Glen Doll, also sometimes spelt Glendoll, lies within the Cairngorms National Park, Scotland, at the top of Glen Clova, in an area of steep hills, corries and Munros. It includes the Corrie Fee National Nature Reserve, which has many endangered plants.

The nearest town is Kirriemuir. The glen is in the south eastern Grampians, and the river which runs through it drains into Glen Clova, which extends towards the coast of Angus.

An ancient track, Jock's Road, that starts in the glen, ends at Braemar. The origin of the name is that Duncan Macpherson, a rich Scot, returned from Australia in the late 19th century, bought the Glen Doll estate, and sought to ban people from crossing his land. John (or Jock) Winter fought him, and the Scottish Rights of Way and Access Society took a challenge through all the courts to the House of Lords, finally winning the day in 1888.
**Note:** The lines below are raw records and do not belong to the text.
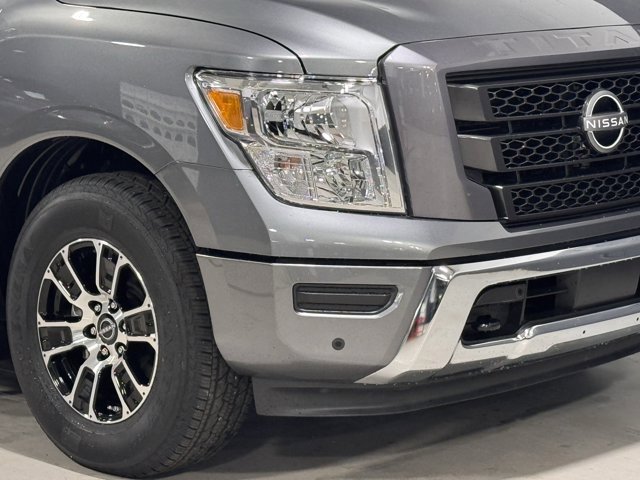 Used 2024 Nissan Titan SV w/ SV Convenience Package image 3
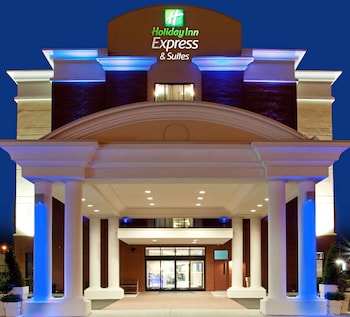 Holiday Inn Express Hotel & Suites Norfolk Airport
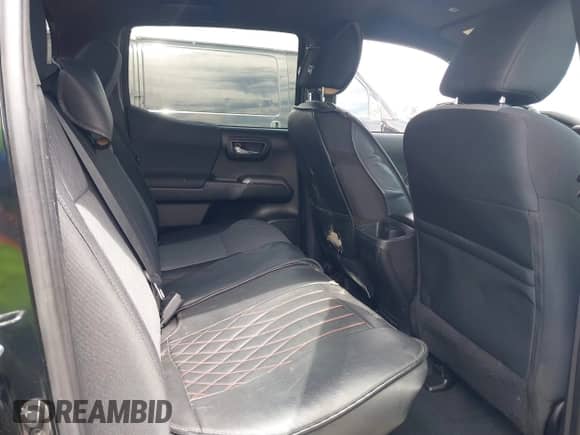 2021 Toyota Tacoma SR5 с VIN 3TMBZ5DN3MM031912, выставлен на аукционе IAAI как лот 41905749 с пробегом 73 682 миль миль и . История ставок и продаж доступна на DreamBid. Изображение 8.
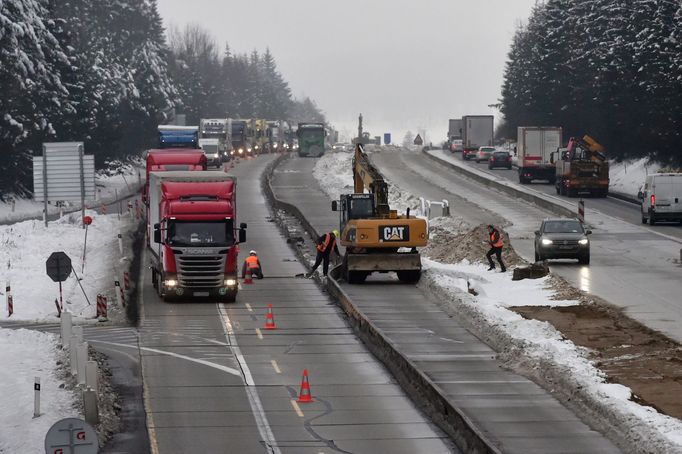 Na opravovaném úseku D1 mezi Humpolcem na 90. kilometru a Větrným Jeníkovem na 104. kilometru začali 19. prosince 2018 dělníci pracovat na rozšíření dálnice.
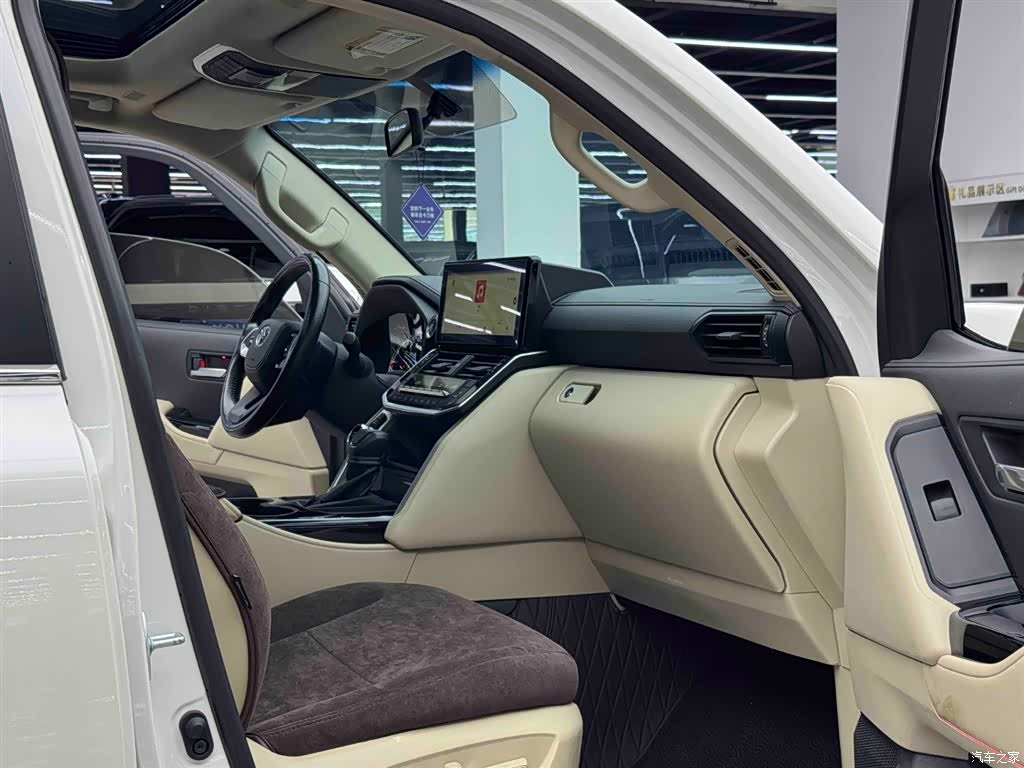 Toyota Land Cruiser, 2024 8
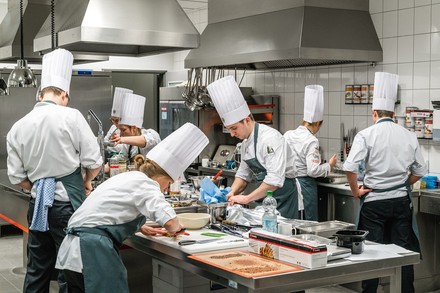 Wenn die Köche-Nationalteams kochen, ist Präzision gefragt – wie hier beim Training des Junior Teams in der Degustationsküche von Transgourmet in Riedstadt. (Foto: Gregor Ott)
Mehrere Köche konzentriert bei der Arbeit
Deer stalking takes place in the glen in late summer and autumn.

A popular walk heads south west through the Glendoll Forest before climbing steeply up the Kilbo Path that links Glen Doll with Glen Prosen. At the top this reaches a high pass giving easy access to two Munros, these are Driesh to the east and Mayar to the west.

In April 1998, Angus Council instituted a Ranger Service for the Angus Glens, with two full-time rangers, which has its base in Glen Doll.

The Forestry Commission has an alpine forest in the Glen.